Authoritative decider

  • shard leader

Precondition

  • current instance state owned by session_id
  • epoch matches current state

Transition

  • extend expiry

Response

  • {renewed: true, expiry}

3. Deregister instance #

API

  • DeregisterInstance(service_id, instance_id, session_id, epoch)

Initiator

  • service instance / sidecar

Entry point

  • gateway or any node

Authoritative decider

  • shard leader

Precondition

  • current instance state owned by session_id
  • epoch matches current state

Transition

  • REGISTERED/HEALTHY -> DEREGISTERED
  • recompute ServiceMembershipState(service_id)

Response

  • {deregistered: true}

4. Resolve endpoints #

API

  • Resolve(service_id)

Initiator

  • client / downstream service

Entry point

  • gateway, resolver, or any node

Authoritative decider

  • shard leader or tightly controlled fresh read path

Precondition

  • none

Transition

  • none

Response

  • current endpoint set

5. Expire stale instance #

API

  • internal background process

Initiator

  • system

Entry point

  • shard leader

Authoritative decider

  • shard leader

Precondition

  • current time > expiry
  • instance state and epoch unchanged

Transition

  • mark instance expired
  • recompute ServiceMembershipState(service_id)

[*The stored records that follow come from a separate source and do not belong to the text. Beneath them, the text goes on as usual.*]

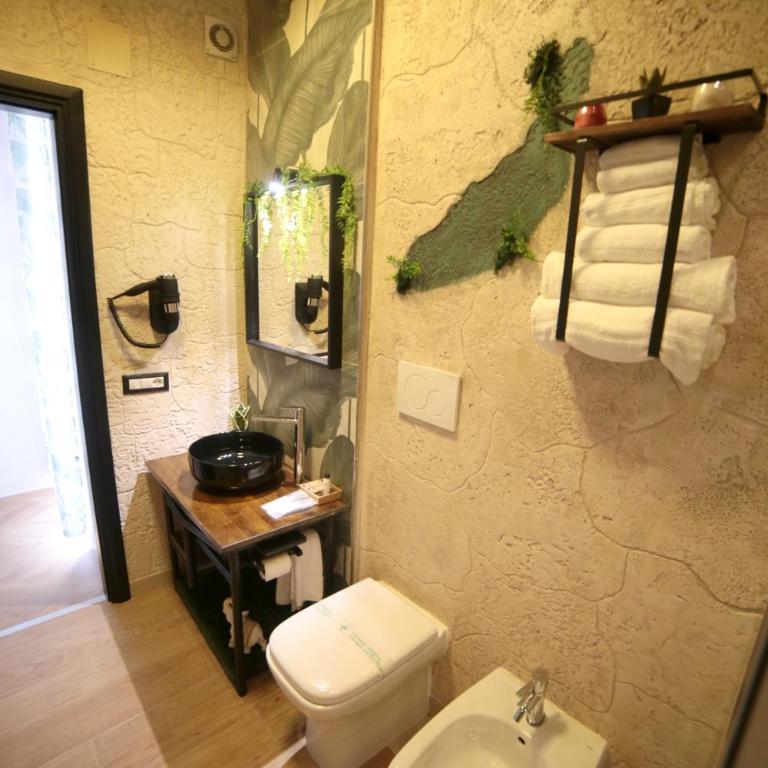 Roma Imperial Suites - Camera Matrimoniale Deluxe con Balcone - 15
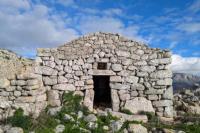 Struktur bangunan megalitik khas Deep Mani, yang ditandai dengan penggunaan balok-balok batu berukuran sangat besar (Foto: Live Science)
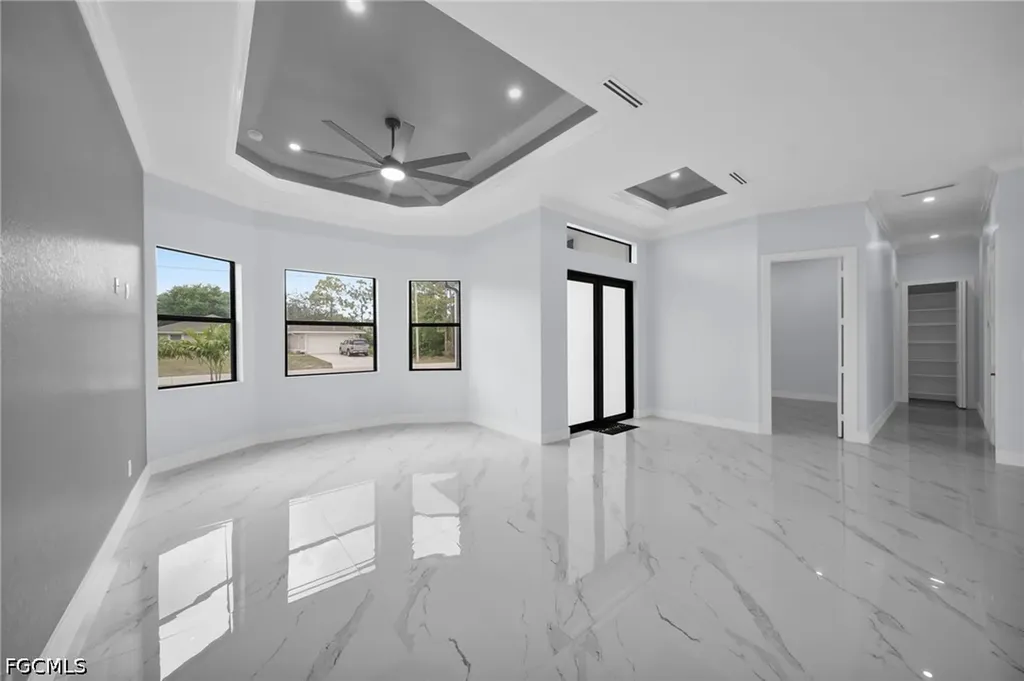 807 Dudley Avenue S Lehigh Acres FL 33974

Entry Point vs Decider vs Responder #

PathEntry pointAuthoritative deciderPhysical responderLogical responder
RegisterInstancegateway / any nodeshard leaderleader or front nodeservice registry
Heartbeatgateway / any nodeshard leaderleader or front nodeservice registry
DeregisterInstancegateway / any nodeshard leaderleader or front nodeservice registry
Resolveresolver / any nodeshard leader or strong read pathresolver nodeservice registry
expiryshard leadershard leaderinternalservice registry
watchwatch endpointcommitted membership stream / shard leaderwatch-serving nodeservice registry
shard failoverfollower / coordination layershard quorum / lease storenew leader / control planeservice registry

Concrete HLD #

Main components:

  • client / instance gateway
    • routes register, heartbeat, and resolve operations
  • shard leaders
    • authoritative owners of instance, session, and membership state
    • maintain expiry index
  • shard followers
    • replicate committed state
  • watch service
    • emits membership-change notifications from committed state transitions
  • metadata/control service
    • tracks shard ownership and routing

Short Interview Version #

I’d design the service registry as a sharded strongly consistent membership service with one authoritative owner per service shard. Each instance registers an endpoint under a lease-backed ServiceInstanceState record, renews that lease with heartbeats, and is removed either explicitly or by expiry if it crashes. The registry maintains an authoritative current ServiceMembershipState per service, which is the set of healthy eligible endpoints derived from instance records. Clients resolve endpoints from that membership view and can subscribe to watch streams for change propagation, but correctness comes from authoritative membership state, not the watch stream. The main scaling levers are more shards, longer but bounded leases, efficient membership recompute, and decoupled watch fanout.